Photo: Tom Kimmerer
In the late summer of 1765, the father and son botanists John and William Bartram paddled upstream on the Altamaha River on the coast of Georgia. The lazy Altamaha meanders over 200 km through the lowlands of Georgia to its mouth in the Atlantic. In 1765, the river was a little-explored treasure for the two botanists in search of new species. Already, though, cotton plantations were encroaching on the Altamaha watershed and destroying some of the natural habitat
The Bartrams found a beautiful little tree unknown to them on October 1, 1765. In 1763, William Bartram returned to the Altamaha and found the tree again. This time, he collected seeds and took them back to the family garden in Philadelphia. There, the tree germinated and soon showed off its gorgeous flowers. William’s cousin Humphrey Marshall named the tree Franklinia alatamaha, after their family friend Benjamin Franklin and the river on which they found the tree.

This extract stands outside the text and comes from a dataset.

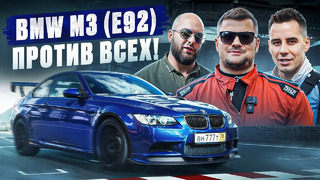 Восстановили BMW M3 E92 на компрессоре! 650 сил после 12 лет. Быстрейшая капсула времени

Remarkably, that was the end of the story of Franklinia in the wild. A few trees were observed by other explorers on the Altamaha, but by 1803, the tree was extinct in the wild. No natural stands or even individual trees have ever been seen on the Altamaha or anywhere else. Like many other botanists, I have paddled the Altamaha convinced that I wold find the tree where others had failed, but it was not to be.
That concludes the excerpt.